**EXERCISE INSTRUCTIONS:** The entries that follow should be repeated exactly, with no pictures kept.

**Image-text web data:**
*** Block opens ***
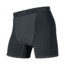 GOREWEAR Mens M Base Layer Boxer Shorts in Black XL Form fit 297EBA96, 100052-9900-XXL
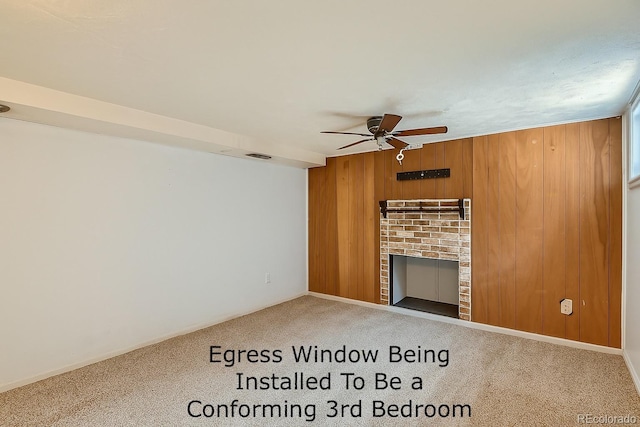2692 S Osceola St, Denver, CO 80219 - photo 17
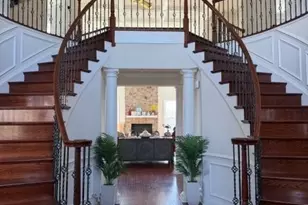 4 Donna Dr, Flemington, NJ OTHER - Photo 5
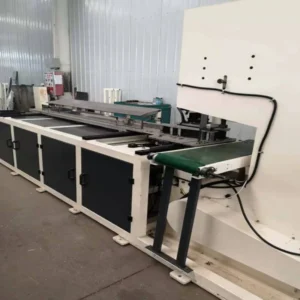 #post_title #separator_sa NRC MACHINE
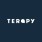 Terapy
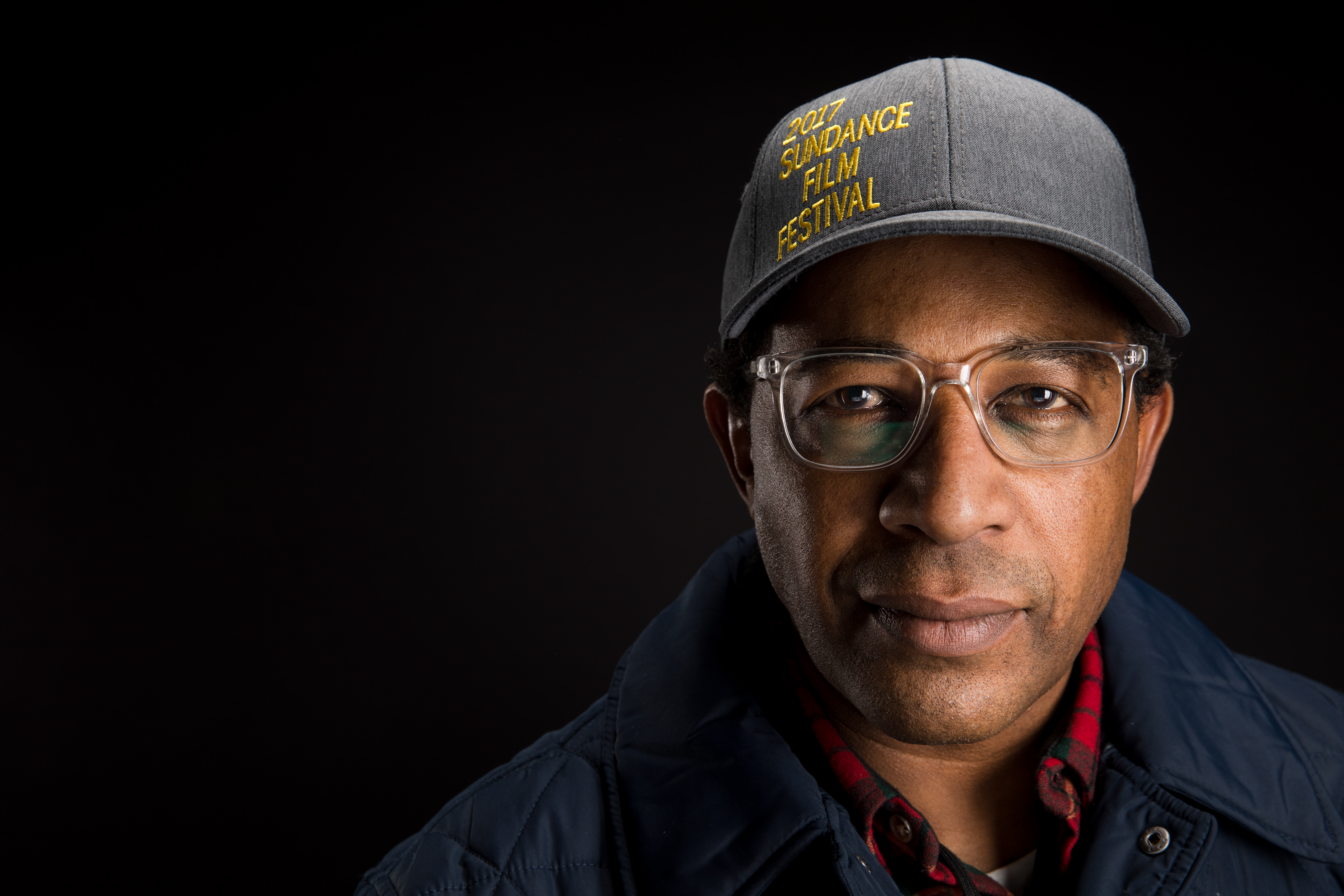 Грегори Маркс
*** Block closes ***
**YOUR RESPONSE:**
 GOREWEAR Mens M Base Layer Boxer Shorts in Black XL Form fit 297EBA96, 100052-9900-XXL
2692 S Osceola St, Denver, CO 80219 - photo 17
 4 Donna Dr, Flemington, NJ OTHER - Photo 5
 #post_title #separator_sa NRC MACHINE
 Terapy
 Грегори Маркс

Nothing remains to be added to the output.